The Psalm begins with God, you’re such a safe and powerful place to find refuge! You’re a proven help in time of trouble. Regardless of what you are feeling today, God is our refuge, our strength, and our help. God doesn’t have to point to a refuge, He is not directing us to go somewhere, He is calling us to get close to Him because He is our refuge. Even though the mountains quake and the waves crash, we can come to God and find our refuge in Him.

The Psalmist also reminds us that God is a proven help in time of trouble.  I find hope in the fact that God and I have a history together. God is not at my beck and call, yet while He never promises to take all of the storms from my life, He has always been with me. In times of joy and in times of trouble. Especially in those moments when we feel weak and defenseless.

God is present and abundantly available. When our security is suddenly gone, we go to God and find refuge. Every time we feel anxious and helpless we find our security in Him. Which reminds me of something Bob Goff said: “It’s easy to trust God when He does what we want; it’s the other times when we grow.”

Phillip is going to help us observe the pause at this part of the text.

The Psalmist continues: God has a constantly flowing river whose sparkling streams bring joy and delight to his people. His river flows right through the city of God Most High, into his holy dwelling places. God is in the midst of his city, secure and never shaken. At daybreak his help will be seen with the appearing of the dawn. When the nations are in uproar with their tottering kingdoms, God simply raises his voice and the earth begins to disintegrate before him. Here he comes!
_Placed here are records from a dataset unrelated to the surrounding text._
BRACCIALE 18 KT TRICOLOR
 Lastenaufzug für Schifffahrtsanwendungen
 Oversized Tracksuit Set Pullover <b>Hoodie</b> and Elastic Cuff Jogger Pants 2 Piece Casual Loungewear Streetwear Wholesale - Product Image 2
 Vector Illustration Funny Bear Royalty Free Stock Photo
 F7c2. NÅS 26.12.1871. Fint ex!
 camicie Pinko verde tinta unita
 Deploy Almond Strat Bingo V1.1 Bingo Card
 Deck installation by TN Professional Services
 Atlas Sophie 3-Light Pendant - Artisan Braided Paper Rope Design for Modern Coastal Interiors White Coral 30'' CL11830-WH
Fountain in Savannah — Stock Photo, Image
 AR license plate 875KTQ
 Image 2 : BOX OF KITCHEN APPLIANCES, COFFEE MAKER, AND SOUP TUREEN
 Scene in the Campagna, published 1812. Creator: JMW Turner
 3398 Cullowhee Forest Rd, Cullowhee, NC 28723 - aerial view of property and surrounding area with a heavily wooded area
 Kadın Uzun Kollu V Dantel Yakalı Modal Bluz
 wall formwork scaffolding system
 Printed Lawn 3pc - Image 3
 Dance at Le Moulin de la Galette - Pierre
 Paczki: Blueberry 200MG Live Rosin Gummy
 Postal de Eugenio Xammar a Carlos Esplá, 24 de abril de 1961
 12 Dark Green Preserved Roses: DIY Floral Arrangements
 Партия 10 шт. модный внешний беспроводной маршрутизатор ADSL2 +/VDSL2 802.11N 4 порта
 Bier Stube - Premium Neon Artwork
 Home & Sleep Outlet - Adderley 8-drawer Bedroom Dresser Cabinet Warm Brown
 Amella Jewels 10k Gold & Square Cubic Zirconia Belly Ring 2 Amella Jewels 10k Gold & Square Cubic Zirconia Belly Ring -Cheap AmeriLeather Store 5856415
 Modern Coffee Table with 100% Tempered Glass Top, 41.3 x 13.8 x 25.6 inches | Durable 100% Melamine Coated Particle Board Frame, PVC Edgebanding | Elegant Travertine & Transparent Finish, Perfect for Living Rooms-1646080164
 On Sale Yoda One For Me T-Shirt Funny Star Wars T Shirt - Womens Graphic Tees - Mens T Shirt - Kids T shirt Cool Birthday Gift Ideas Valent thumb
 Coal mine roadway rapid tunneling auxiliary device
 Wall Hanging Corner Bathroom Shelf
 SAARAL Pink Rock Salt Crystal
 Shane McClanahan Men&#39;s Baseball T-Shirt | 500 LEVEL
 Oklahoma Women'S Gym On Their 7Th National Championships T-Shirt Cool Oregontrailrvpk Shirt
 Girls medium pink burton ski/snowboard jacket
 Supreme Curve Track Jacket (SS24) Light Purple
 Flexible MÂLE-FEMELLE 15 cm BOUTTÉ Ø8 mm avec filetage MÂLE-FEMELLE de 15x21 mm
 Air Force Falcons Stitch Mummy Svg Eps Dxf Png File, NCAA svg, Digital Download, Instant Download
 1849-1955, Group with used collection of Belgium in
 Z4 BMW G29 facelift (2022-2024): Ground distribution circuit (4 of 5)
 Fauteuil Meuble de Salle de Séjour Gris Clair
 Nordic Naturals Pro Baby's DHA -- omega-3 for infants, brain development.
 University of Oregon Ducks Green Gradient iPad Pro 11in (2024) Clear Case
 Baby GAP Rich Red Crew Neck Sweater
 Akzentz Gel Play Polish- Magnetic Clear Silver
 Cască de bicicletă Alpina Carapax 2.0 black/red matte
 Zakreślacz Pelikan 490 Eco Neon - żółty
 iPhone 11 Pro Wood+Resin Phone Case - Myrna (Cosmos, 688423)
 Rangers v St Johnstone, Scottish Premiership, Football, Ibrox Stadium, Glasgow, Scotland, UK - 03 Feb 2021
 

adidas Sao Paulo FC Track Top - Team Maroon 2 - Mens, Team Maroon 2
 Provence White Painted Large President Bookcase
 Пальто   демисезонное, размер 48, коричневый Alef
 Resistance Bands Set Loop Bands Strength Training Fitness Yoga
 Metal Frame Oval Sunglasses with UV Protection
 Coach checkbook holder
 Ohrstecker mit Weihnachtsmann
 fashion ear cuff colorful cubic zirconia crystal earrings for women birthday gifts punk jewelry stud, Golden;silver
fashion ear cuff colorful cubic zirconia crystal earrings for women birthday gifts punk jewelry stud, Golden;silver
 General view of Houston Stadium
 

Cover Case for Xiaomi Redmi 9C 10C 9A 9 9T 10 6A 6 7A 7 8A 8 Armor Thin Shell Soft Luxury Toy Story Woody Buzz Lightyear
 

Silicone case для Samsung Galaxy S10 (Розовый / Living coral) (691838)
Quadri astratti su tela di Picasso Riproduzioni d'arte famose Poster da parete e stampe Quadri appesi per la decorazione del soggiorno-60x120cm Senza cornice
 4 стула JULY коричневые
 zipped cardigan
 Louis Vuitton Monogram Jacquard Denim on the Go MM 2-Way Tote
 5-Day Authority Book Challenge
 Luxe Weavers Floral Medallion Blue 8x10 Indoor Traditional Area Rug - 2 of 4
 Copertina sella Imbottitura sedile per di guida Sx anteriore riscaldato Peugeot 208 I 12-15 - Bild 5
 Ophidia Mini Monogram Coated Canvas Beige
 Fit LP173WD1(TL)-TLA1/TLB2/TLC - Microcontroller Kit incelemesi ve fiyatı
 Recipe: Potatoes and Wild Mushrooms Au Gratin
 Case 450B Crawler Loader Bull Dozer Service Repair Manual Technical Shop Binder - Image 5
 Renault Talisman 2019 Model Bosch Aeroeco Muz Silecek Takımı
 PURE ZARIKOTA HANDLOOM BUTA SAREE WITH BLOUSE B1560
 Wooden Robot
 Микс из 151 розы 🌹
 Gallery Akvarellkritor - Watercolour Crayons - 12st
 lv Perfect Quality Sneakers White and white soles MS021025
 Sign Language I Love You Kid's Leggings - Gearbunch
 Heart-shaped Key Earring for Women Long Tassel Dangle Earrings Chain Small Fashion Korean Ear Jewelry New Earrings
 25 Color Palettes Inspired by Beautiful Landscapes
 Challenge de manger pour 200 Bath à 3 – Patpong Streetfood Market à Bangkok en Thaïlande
The Commander! The mighty Lord of Angel Armies is on our side. The God of Jacob fights for us!

There are many times that because the Bible was written for us and not to us, we miss the beauty of what the writers are saying. The psalmist says in verse 4 God has a constantly flowing river whose sparkling streams bring joy and delight to his people.

Major cities had to be built by rivers. Babylon was built on the Euphrates. Egypt has the Nile. Rome has the Tiber. London has the Thames. New Orleans has the Mississippi. But Jerusalem was different. The city of Jerusalem wasn’t built on a river, because it had something even better, the very presence of God.

The psalmist wants to remind us that God’s grace flows like a river to bring gladness and joy to His people. It is a metaphor that reminds us that God provides our happiness, abundance, and peace, even when everything else is falling apart. No matter how bad things get, God’s presence means He will help us.

God is present with His people when the nations are in uproar with their tottering kingdoms. Many of us and our neighbors are agitated like the waves of the sea, yet we need to remember that God is still with His people. No matter how bad things get, we can always count on His presence.

But my favorite part of this section of the Psalm is found in verse 7: The God of Jacob fights for us! I love this idea because Jacob was a deceiver with a twisted mind and heart. Whether we acknowledge it or not, we have a lot in common with Jacob. Even though Jacob had a lot of faults, God stuck with him, shaping and molding him into a man of faith. In the same way, God promises to stay with us and transform selfish, broken sinners like us from the inside out, so that we can be called His son’s and daughters.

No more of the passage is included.